If your company is close to going public, it simply changes the rules such that if you leave the company, your stock will expire and you’ll receive nothing. That’s a pretty serious risk and satisfies the IRS that you might not receive your equity. And this time period is hopefully short, so it’s not a terrible burden to the employee since once it goes public, you’ll get a standard public RSU and start paying tax to the IRS. But it’s a real risk – so again, check the risk of forfeiture clauses and ensure that you can keep your vested stock when you exit. Some companies are very conservative, so they may introduce this clause when the company is a year or more from IPO – which means you really can’t leave and retain your equity until it exits.
Watch: Selling before your company exits
There are increasingly more choices for employees who have private equity in a company. In the past, you just waited until the company exited. But over the past few years, some investors are open to acquiring private common stock, especially for high potential or distressed companies. This allows employees who have vested stock to sell it privately or through a sale that your company organizes.
So let’s say SquishyBank is investing $400M in your company. They might take $200M in preferred stock and $200M in common stock. That means employees can get liquidity as though the company went public and the company doesn’t have to issue more shares for $200M of the investment.

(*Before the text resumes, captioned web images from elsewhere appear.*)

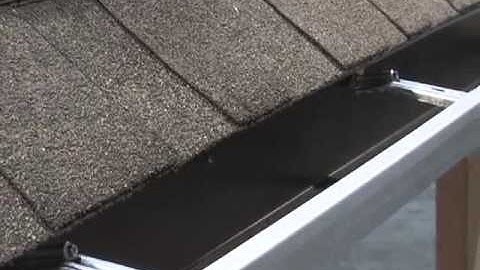 Leaflock 2nd course 2 Piece Hanger Application final SD for Apple Devices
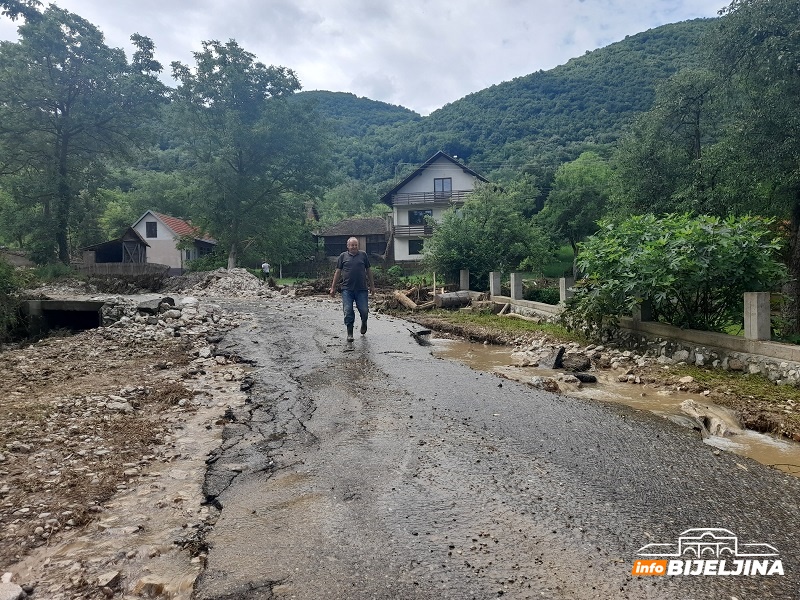 Dramatične poplave pogađaju ugljevička sela: Uništene kuće, usjevi i mostovi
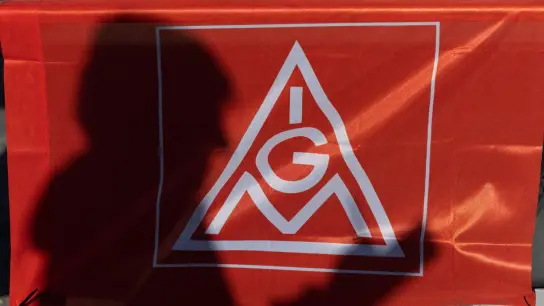 Das Logo der IG Metall auf einem Banner. (Foto: Friso Gentsch/dpa/Symbolbild)
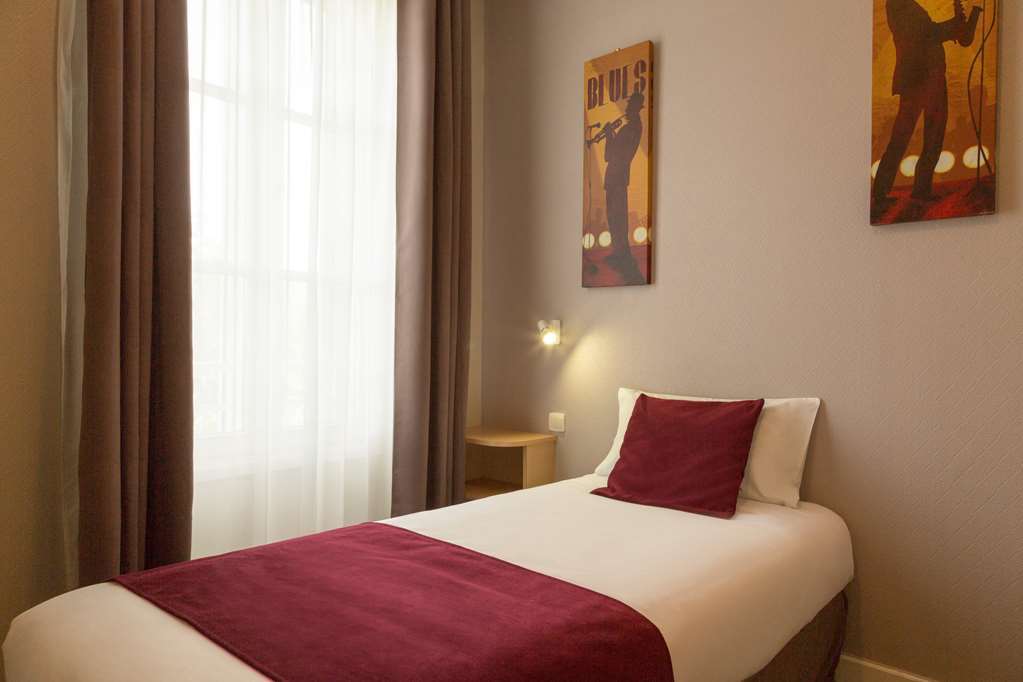 Henri Iv Hotel Coutras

This requires stock or options in the company – rarely would this option apply to RSU shareholders (since technically employees only received vested stock when the company exits). So, although RSUs have many nice benefits, you can’t get liquidity until the company exits, which increasingly is not the case for stock and option holders. And if you leave and have stock or options, it’s a lot easier to sell in the secondary market than RSUs.
Conclusion
My hope is that we’ve taken you from a basic to intermediate level understanding of equity. There are still dozens of topics that I didn’t cover, including details on ISOs versus NQ options, QSBS, lots of tax nuances, and so forth. Experts get paid to be experts, and often talking with them can save you a bundle of money and trouble. If you have substantive dollars on the line, find an expert you can trust. But hopefully you’ll be better educated after reading this article, know some of the common pitfalls and the key questions to ask – and can avoid a lot of mistakes!
Thanks for writing this Nikhyl! I have found that even in the most straight forward of cases (public RSUs) there still is a tremendous amount of confusion. Add in the complexities of early stage and pre-public companies and it can become overwhelming. Particularly due to many trying to become instant experts in a single week to attempt to compare competing job offers that straddle different company stages.